In recently fining a business a $350,000 monetary penalty for data security lapses, the New York State Attorney General (AG) underscored the importance of cybersecurity and vigilant vendor relationship management. The implications of the AG’s investigation reverberate across industries, especially for companies handling protected health information. This client alert summarizes the AG’s investigation and its ramifications and outlines best practices for businesses to avoid regulatory penalties.
The AG’s settlement with a New York-based home health care company, Personal Touch Holding Corporation (PTHC), highlighted two data security incidents:
1- A 2021 ransomware attack affecting over 750,000 individuals due to an employee opening a malicious Excel file in a phishing email, enabling a threat actor to access protected health information and employee information stored on PTHC’s servers. Prior to this incident, PTCH was made aware of several cybersecurity problems, which PTCH allegedly failed to address.
2- A 2022 incident involving the public disclosure of private information of over 1,000 current and past employees due to an insurance enrollment vendor's misconfiguration of settings on a file-sharing platform. This was discovered when a PTHC employee ran a Google search of the employee and discovered a publicly available spreadsheet containing private information of the employees, including names, social security numbers, dates of birth, and other data.
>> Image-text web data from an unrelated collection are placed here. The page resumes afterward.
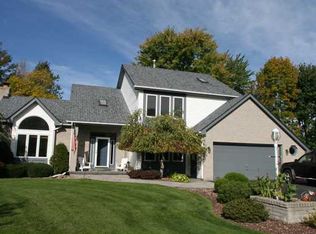 68 Bram Hall Dr, Rochester, NY 14626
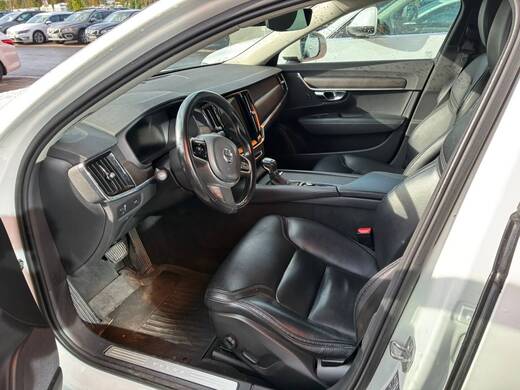 Volvo V90 Cross Country vaihtoauto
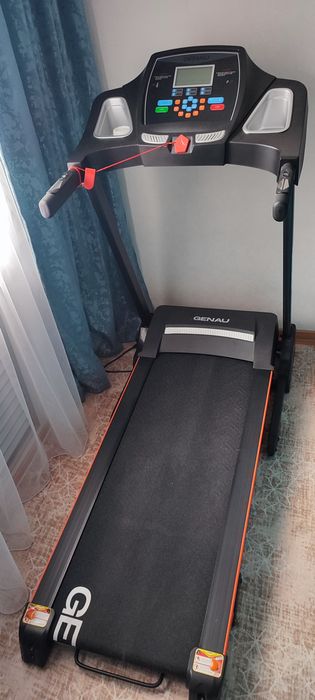 Продам беговую дорожку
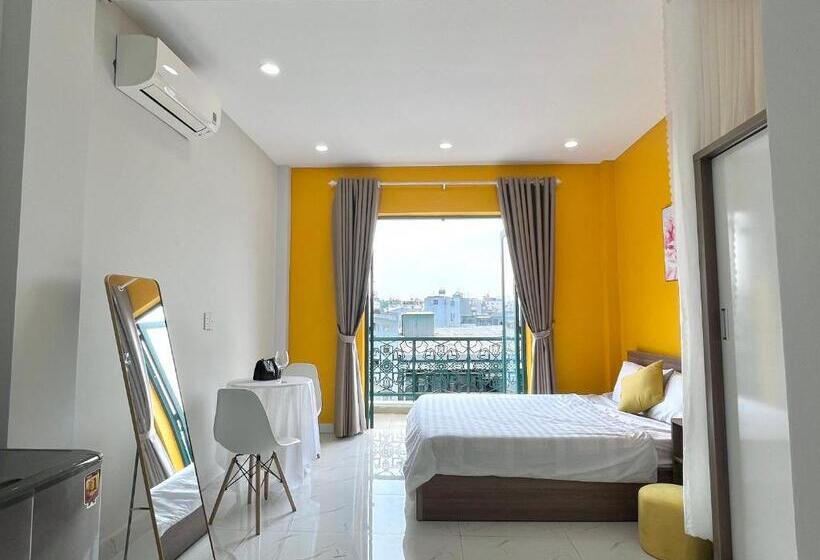 استودیوی لوکس, Luxury Condotel Sai Gon 3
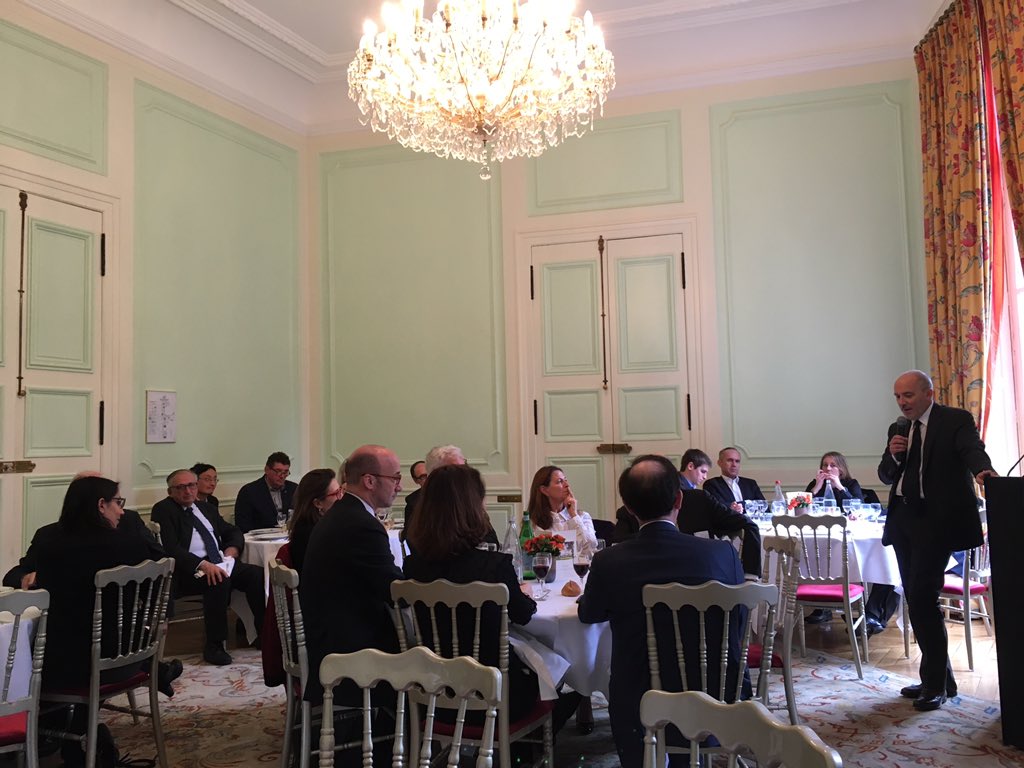 Les_CCE's tweet photo. Le PDG d'@orange @srichard s'entretient avec @Les_CCE lors du #ClubCCE : "d'ici 2020, Orange aura connecté 50 millions de foyers à la fibre optique." https://t.co/38tIs1WdcE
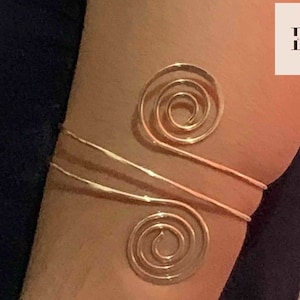 Upper Arm Cuff Gold Jewelry For Women, Retro Bangle Bracelet For Bold Fashion, Perfect Gift for Trendsetters Geometric Bracelets Pattern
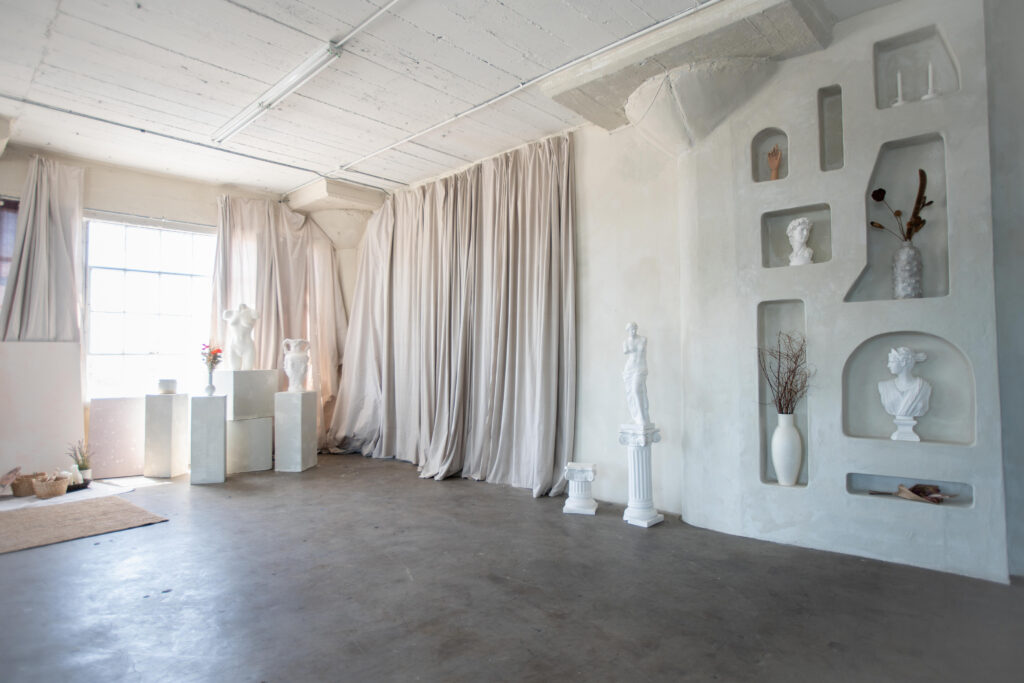 Art 4 - Art Loft Photo Studio in Los Angeles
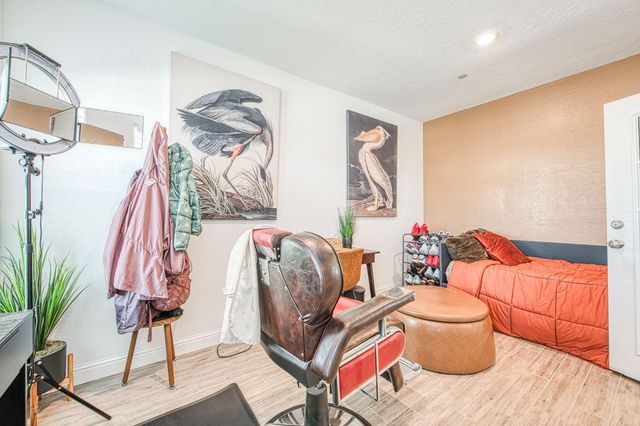 920 Ponderosa Way W, Madera, CA 93636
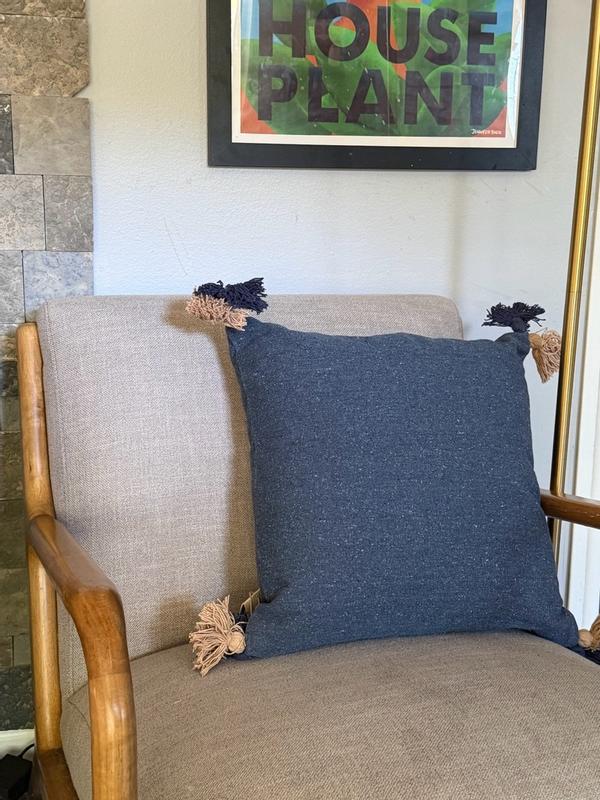 Review Thumbnail Image 0 360958892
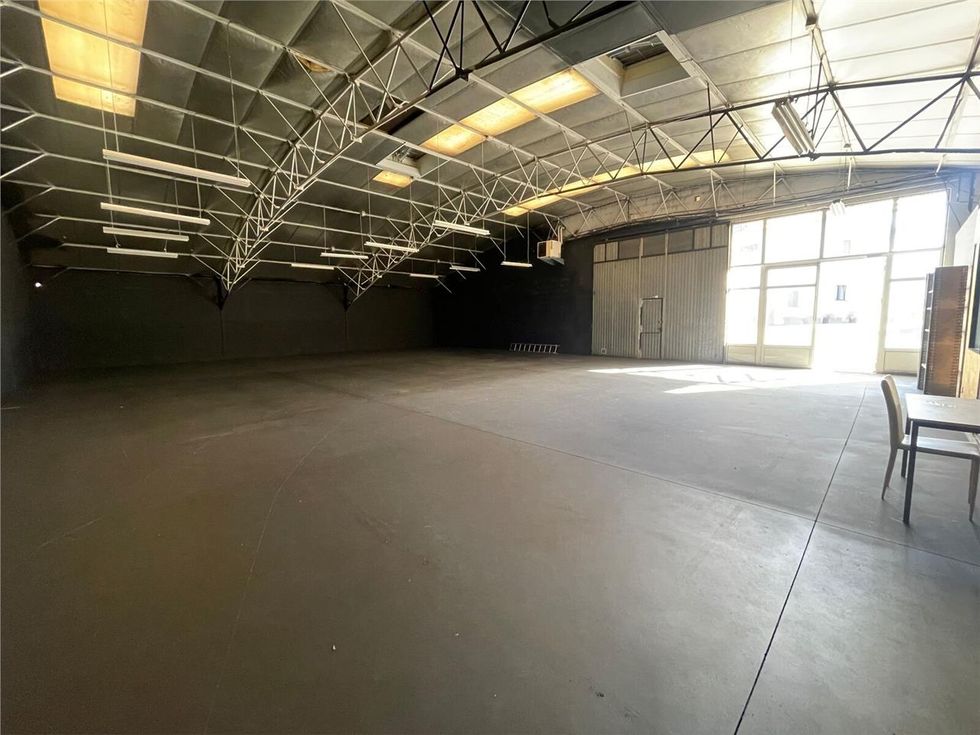 LOCAL D'ACTIVITÉS D'ENVIRON 345 M² - NANTES Arno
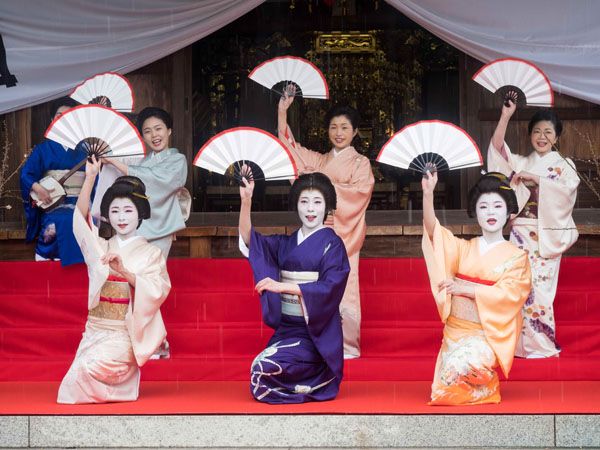 【神奈川県横浜市】幻の梅林で歴史と文化を体感できる「杉田梅まつり」ステージや飲食広場も登場して開催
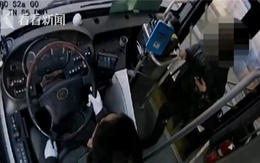Nữ hành khách đề nghị xe buýt dừng chờ người không được liền cướp lái và đánh bị thương tài xế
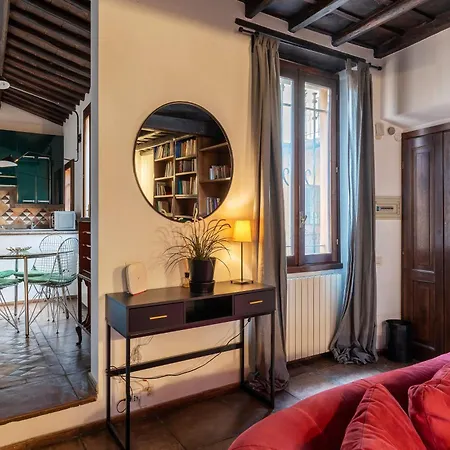 Cozy Trevi Romance Apartment Rome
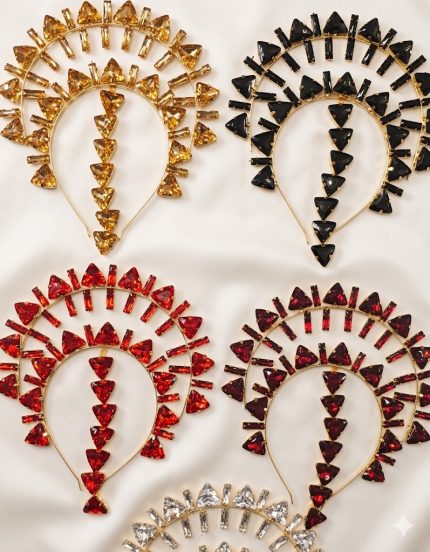 Zirkon Taşlı Şık Taç – Renkli Kristal Detaylı Kadın Saç Aksesuarı | Özel Gün & Davet Tacı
The AG determined PTHC violated its security obligations under General Business Law and the Health Insurance Portability and Accountability Act of 1996. Notably, the AG emphasized PTHC’s failure to maintain an adequate information security program, lack of privacy training, lack of an agreement with its insurance broker to address data security standards, and failure to conduct security diligence on the broker.
Beyond the $350,000 penalty, the AG mandated that PTHC implement a comprehensive security information program with rigorous security measures, some surpassing legal requirements. The mandated measures included:
- Development of an inventory of network assets that contain sensitive information
- Improved access controls
- Improved authentication procedures, including the use of multifactor authentication
- Encryption of sensitive information at rest or in transit
- Logging and monitoring of network activity
- Implementation of an anti-malware program
- Implementation of an intrusion detection and prevent solution
- Maintenance of email protection and filtering solutions for all email accounts
- Vulnerability management
- Implementation of data minimization procedures
- Maintenance of data retention and disposal procedures and creation of a data retention schedule
- Employee training covering phishing and annual mock phishing exercises where employees who fail must successfully complete additional trainings
- Vendor management procedures, including appropriate safeguards in vendor contracts and reasonable security diligence conducted prior to engagement and at least once every three years thereafter
- Periodic third-party security assessments
The AG also required PTHC to offer credit monitoring and identify theft protection services to the affected employees and patients who were not previously offered such services.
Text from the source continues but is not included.